The handkerchief is still around my neck. I pull it back up over my face and duck into the dark, damp space. I don’t have the flashlight. I’m not sure where I left it. I let my eyes adjust to the dim light coming through the grimy window.

I find a rag and wipe some of the layers of grime from the glass, and I can see a little bit more. I dig through the open bags of earth. I enjoy the feeling of it falling between my fingers. I check the shelves and cabinets without much hope. I know it’s not here.

Out in the yard I remove the handkerchief. I brush the dirt from my hands onto my thighs. I want desperately to destroy something. I look around, but there is nothing to destroy.

Back in the house. I ready myself for the inevitable. I search under the kitchen sink. You always kept a box of rubber gloves there for the “really messy jobs,” and I hope there’s some under there now because this is going to be a really messy job for sure.

Relieved to find a box, I drag it out from behind the cleaning supplies. There is only one glove left. I spend a few more minutes searching fruitlessly. One glove will have to be enough.

I return to the attic. To the unidentifiable corpse. I slip the glove on. I hold my breath. I rifle through the pockets.

I find a Swiss Army Knife in the front pocket. There’s a wallet, covered in slime and goo and barely recognizable but for its shape, which I retrieve from the back pocket. I don’t bother to search it. I don’t need to know who this person was.

From the jacket pocket I produce a photograph. It’s worn and well-loved. It’s been looked at often over the years. Well, it was for many years anyways. I toss the photograph on top of the wallet before it occurs to me whom was in that photo.

I pick it back up. I examine it closely. That’s me as a baby. Maybe six or seven months old. I’m smiling as I bounce on the knee of a most handsome man.

He’s big and burly and his grin matches mine. I know instantly that the man in the photograph is my father.

“Oh what did you do?” I whisper as a tear slips down my cheek.

I stuff the photograph in my pocket. I guess there is something from here I will be taking with me after all. I finish turning out the corpse’s pockets. There’s money in a money clip and a handful of coins. Nothing of any value.

It’s not here, in this attic. You’ve hidden it good. I return to the second floor landing. I return the ladder to the ceiling.

I tear my room apart one final time. I have to accept that it’s not here. If I can’t find it, they certainly won’t be able to.

I retrieve two canisters of gasoline from beside the front door. I carry them upstairs.

I splash just a little bit into the bathroom.
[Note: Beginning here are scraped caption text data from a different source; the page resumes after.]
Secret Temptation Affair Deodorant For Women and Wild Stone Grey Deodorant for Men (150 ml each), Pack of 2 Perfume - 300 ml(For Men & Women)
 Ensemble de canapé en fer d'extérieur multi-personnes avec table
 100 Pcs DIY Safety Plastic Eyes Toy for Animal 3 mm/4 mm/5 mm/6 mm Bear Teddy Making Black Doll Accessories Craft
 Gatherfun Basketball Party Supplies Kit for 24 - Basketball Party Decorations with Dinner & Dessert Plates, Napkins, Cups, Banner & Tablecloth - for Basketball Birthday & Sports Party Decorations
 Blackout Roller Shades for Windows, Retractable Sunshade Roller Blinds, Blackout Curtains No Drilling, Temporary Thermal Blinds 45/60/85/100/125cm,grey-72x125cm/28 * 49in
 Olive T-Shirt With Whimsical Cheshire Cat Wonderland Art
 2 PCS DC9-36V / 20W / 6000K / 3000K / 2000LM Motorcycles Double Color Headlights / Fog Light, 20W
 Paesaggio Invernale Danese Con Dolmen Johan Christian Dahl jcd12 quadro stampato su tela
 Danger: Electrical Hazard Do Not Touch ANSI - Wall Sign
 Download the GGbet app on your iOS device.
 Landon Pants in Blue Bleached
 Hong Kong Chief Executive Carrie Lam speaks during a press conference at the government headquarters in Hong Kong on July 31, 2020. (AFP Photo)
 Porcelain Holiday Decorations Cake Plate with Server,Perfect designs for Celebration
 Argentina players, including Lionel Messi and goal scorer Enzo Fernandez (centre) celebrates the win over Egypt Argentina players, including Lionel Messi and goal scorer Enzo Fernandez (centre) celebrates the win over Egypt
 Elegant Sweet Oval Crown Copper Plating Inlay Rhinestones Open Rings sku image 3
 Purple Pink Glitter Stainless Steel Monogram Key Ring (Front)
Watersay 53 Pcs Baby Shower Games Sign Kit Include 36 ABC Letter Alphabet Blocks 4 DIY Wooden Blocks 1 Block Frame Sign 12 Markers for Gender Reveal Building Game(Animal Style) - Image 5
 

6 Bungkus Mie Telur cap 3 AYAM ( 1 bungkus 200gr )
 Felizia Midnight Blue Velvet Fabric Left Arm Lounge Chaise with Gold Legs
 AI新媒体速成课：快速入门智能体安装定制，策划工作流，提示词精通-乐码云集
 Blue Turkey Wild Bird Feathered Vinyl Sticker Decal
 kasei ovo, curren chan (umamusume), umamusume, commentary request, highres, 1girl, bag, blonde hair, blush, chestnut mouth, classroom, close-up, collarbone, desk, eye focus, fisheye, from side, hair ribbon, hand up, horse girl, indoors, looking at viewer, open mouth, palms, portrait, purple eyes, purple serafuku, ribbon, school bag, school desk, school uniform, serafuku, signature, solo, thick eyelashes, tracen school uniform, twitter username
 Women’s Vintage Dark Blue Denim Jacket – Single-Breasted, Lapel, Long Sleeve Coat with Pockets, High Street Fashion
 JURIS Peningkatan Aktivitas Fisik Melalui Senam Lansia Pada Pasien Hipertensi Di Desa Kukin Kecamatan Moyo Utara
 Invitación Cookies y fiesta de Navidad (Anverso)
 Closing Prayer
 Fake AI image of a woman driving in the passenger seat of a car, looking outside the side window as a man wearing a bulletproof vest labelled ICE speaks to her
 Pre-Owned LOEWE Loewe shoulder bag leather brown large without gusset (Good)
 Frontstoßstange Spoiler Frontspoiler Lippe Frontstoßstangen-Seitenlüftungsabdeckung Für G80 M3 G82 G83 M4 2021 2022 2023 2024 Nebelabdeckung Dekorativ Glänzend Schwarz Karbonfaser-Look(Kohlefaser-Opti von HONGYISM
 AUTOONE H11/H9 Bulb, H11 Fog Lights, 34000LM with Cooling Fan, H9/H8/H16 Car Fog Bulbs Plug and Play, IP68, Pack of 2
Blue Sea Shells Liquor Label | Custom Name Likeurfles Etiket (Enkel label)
Just enough to ensure it burns, but not enough to be wasteful. I saturate my bedroom. It takes almost the entire can. I hope I’ve brought enough.

I move on to your bedroom. You’re still not speaking to me. That’s okay. I work better in silence anyways.

I splash it on the clothes in your closet. I splash it on your curtains and carpet. I soak your bed with it. I pour it on your favorite chair.

You don’t say a word. You watch your soaps with those vacant, unseeing eyes. I douse you with what’s left in this can. I discard it on your lap.

I retrieve another can from the front door. I trickle a trail along the upstairs hallway and down the stairs. I drench the couch and leave it dripping from the entertainment center.

With another can, I cover the kitchen in gasoline. I use the last can to make sure no place has been missed.

I stop to see you one last time.

“Goodbye, Mother,” I whisper as I bend over to kiss your cheek.

That’s when I catch a glimpse of it tucked in the chair alongside the arm beside you. You’d kept it close, like an insurance policy. Hadn’t done you any good, had it? I retrieve it. Stuff it in my pocket. Bid you a last farewell as I close your bedroom door.

The sun is finally setting as I reassure myself that everything will burn. You will burn. What’s left of you anyways. Shut you up good I did, didn’t I?

I light a cigarette and place it in a matchbook like a fuse. I set it on a clean table I’ve placed just inside the door. I lock the door behind me as I leave for the last time.

I watch the house ignite in my rearview as I drive away.

You would never call me worthless again.